A digitalização é fundamental neste processo de modernização, proporcionando visibilidade completa da cadeia de suprimentos e reduzindo a dependência de tarefas repetitivas. Bertolino ressalta que o acordo incentiva empresários a investirem mais em tecnologia e menos em ativos físicos como caminhões e galpões. Para empresas com ambições globais, o objetivo é alcançar três metas: um custo competitivo, um elevado nível de serviço e uma previsibilidade robusta. Investimentos em eficiência operacional, governança, análise de dados e tecnologia são, portanto, caminhos para escalar e aumentar a previsibilidade.
Superando Desafios Internos: Dados e Capital Humano
Além dos problemas estruturais e burocráticos, duas barreiras frequentemente subestimadas emergem como entraves para a internacionalização das empresas brasileiras: a falta de qualidade nos dados corporativos e a escassez de capacitação nas lideranças. Bertolino enfatiza que, sem dados confiáveis e sistemas integrados, qualquer esforço de automação ou de ganho de eficiência terá seu potencial drasticamente limitado.

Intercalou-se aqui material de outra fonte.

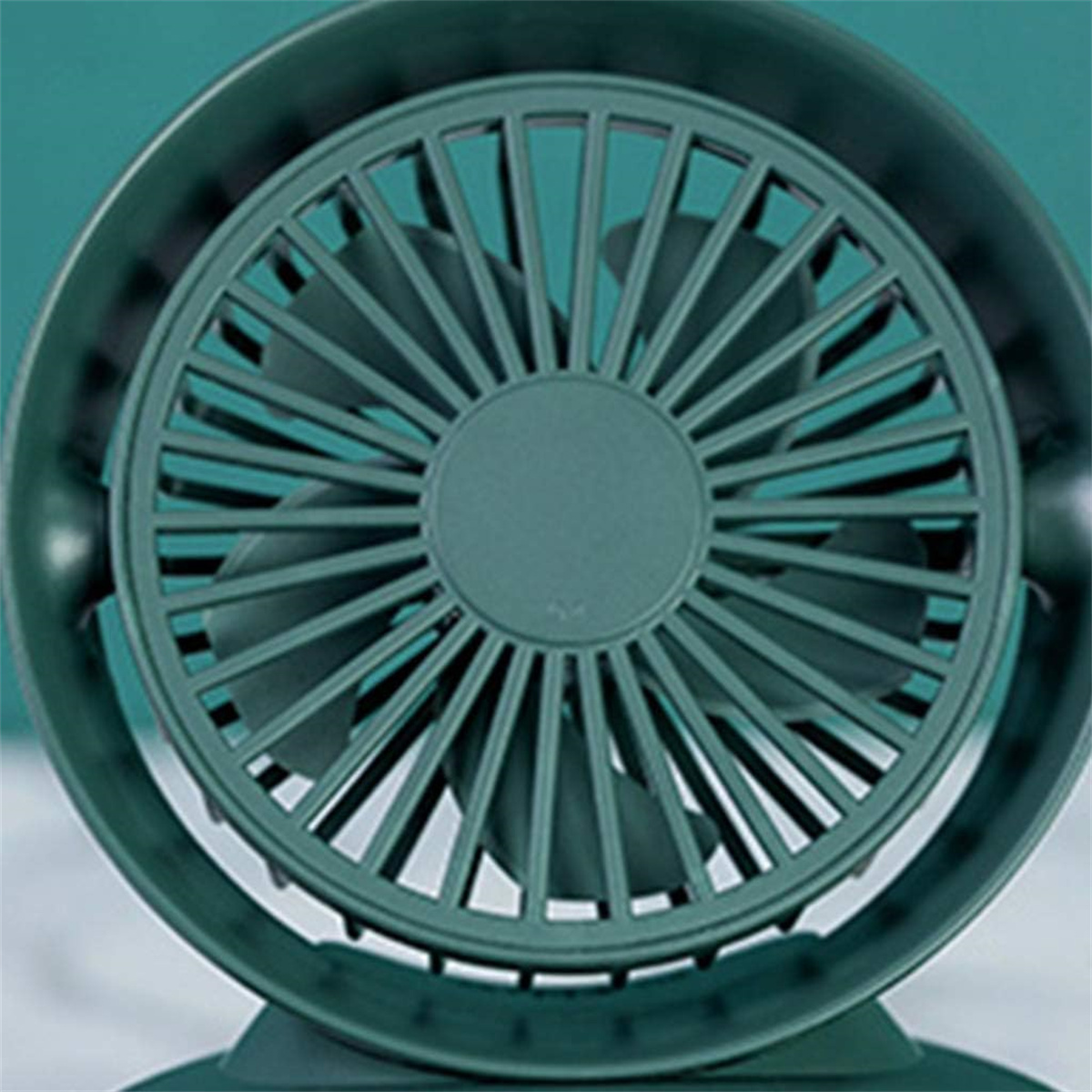 Eine Draufsicht auf einen teal-farbenen Lüfter mit Flügeln und Schutzgitter.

Não basta apenas adotar novas ferramentas tecnológicas; é imperativo preparar o capital humano para utilizá-las de forma estratégica. Empresas que ignorarem essa etapa correm o risco de possuir sistemas modernos com pouco impacto prático nos negócios. Adicionalmente, à medida que a conclusão do acordo se aproxima, a possibilidade de uma "ausência de capital humano quando necessário" torna-se uma preocupação real e urgente.

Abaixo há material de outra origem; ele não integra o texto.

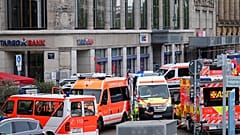 Emergency services stand at the entrance to Grimmaische Strasse after a car crashed into several people in Leipzig, 4 May, 2026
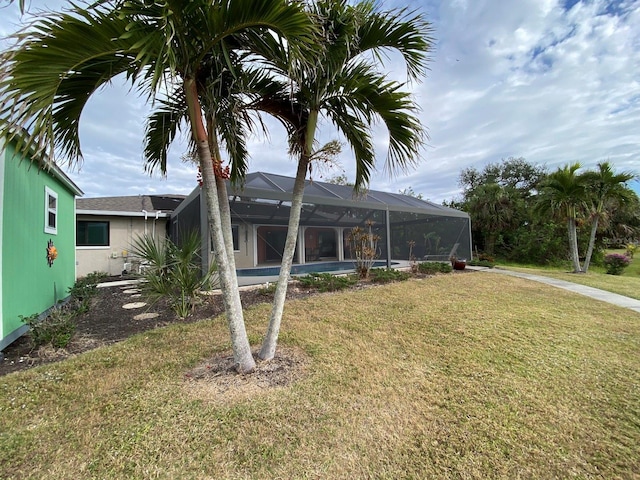 back of house with a lanai and a yard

O Tempo de Adaptação e a Necessidade de Mudança Cultural
Apesar de 26 anos de negociações, muitas empresas brasileiras não incorporaram o Acordo Mercosul-UE em seus planos estratégicos, encarando-o como uma realidade distante e incerta. Agora, a percepção do tempo mudou. Segundo o executivo da Infor, é possível observar melhorias significativas em eficiência dentro de um período de 12 a 18 meses, desde que haja foco, execução e a adoção estratégica de tecnologia.
No entanto, atingir um padrão global consistentemente elevado é uma jornada de médio a longo prazo, que exige uma profunda mudança cultural dentro das organizações. A frase de Bertolino resume a situação: "Para quem está preparado, o acordo amplia oportunidades; para quem não está, aumenta o risco." Com a Europa sendo atualmente o principal ponto de incerteza no cronograma de aprovação, as empresas brasileiras ganharam um tempo extra – que talvez seja o último – para reavaliar e organizar suas operações.

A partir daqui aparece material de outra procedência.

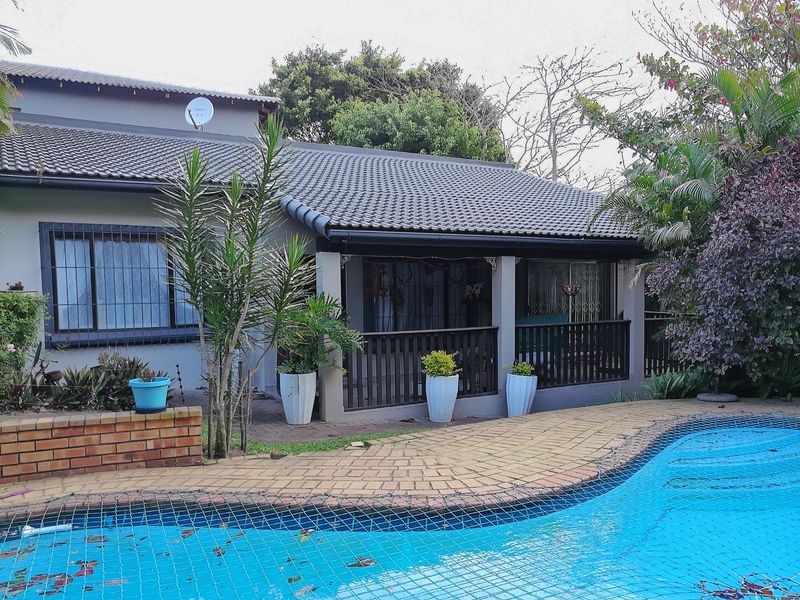 Rear exterior view featuring a swimming pool with safety net, paved surround, and a covered patio area with timber balustrade.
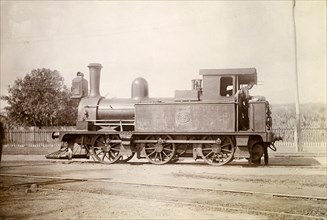 British steam locomotive, Jamaica. A British-manufactured steam locomotive sits on rails at a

Conclusão: A Urgência da Ação no Cenário Atual
O Acordo Mercosul-UE, apesar dos seus entraves momentâneos na Europa, permanece uma perspectiva concreta com potencial transformador para o cenário econômico brasileiro. A pausa involuntária imposta pelo processo europeu não deve ser vista como um relaxamento, mas sim como um chamado à ação. É um período crucial para que as empresas nacionais invistam proativamente em modernização logística, na qualidade de seus dados e na capacitação de suas equipes, garantindo que estejam à altura do desafio competitivo que a abertura de mercado trará. Aqueles que souberem aproveitar esta janela de preparação estarão aptos a capitalizar as novas oportunidades, enquanto a inércia poderá custar caro em um futuro próximo.